= Assignment =
Only the lines below from the one containing "Kanita Longji, 20, at" through the one containing "A series of islands in the water at sunset." belong in the answer, repeated exactly and without pictures.

= Dataset excerpts =
__________

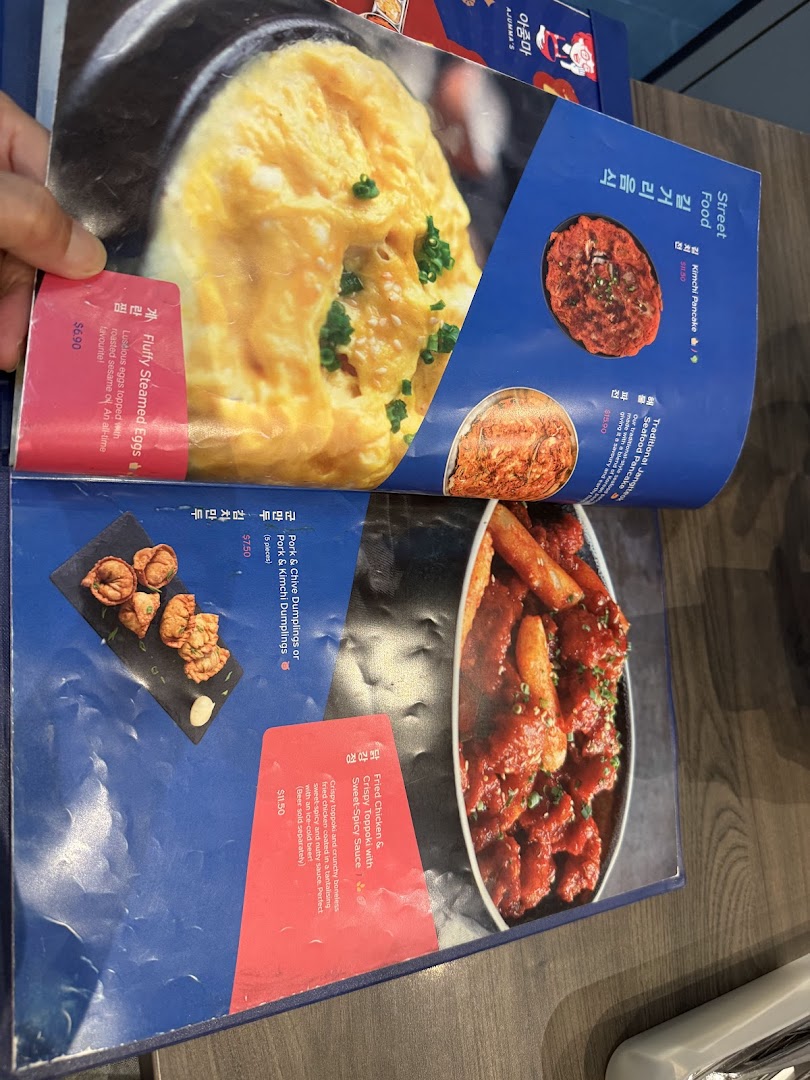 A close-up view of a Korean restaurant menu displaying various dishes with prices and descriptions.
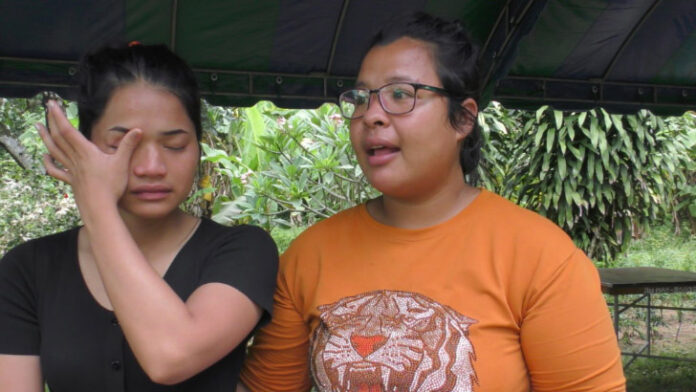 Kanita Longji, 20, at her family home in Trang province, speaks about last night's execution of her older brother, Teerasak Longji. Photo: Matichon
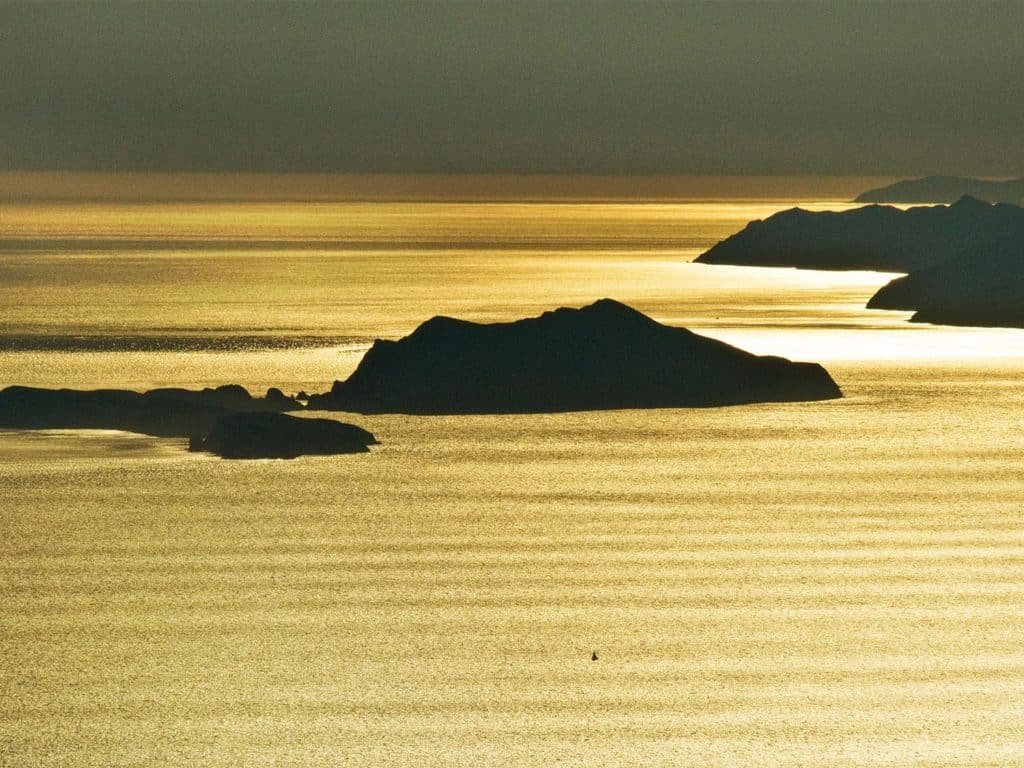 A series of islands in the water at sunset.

__________

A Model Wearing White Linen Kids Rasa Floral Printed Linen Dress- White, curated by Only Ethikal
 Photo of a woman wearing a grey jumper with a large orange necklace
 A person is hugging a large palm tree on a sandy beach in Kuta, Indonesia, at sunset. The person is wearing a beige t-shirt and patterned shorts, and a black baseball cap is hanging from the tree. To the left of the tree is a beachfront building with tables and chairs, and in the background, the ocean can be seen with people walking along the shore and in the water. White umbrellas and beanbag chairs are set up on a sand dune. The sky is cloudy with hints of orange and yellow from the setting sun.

__________

= Response below =
 Kanita Longji, 20, at her family home in Trang province, speaks about last night's execution of her older brother, Teerasak Longji. Photo: Matichon
 A series of islands in the water at sunset.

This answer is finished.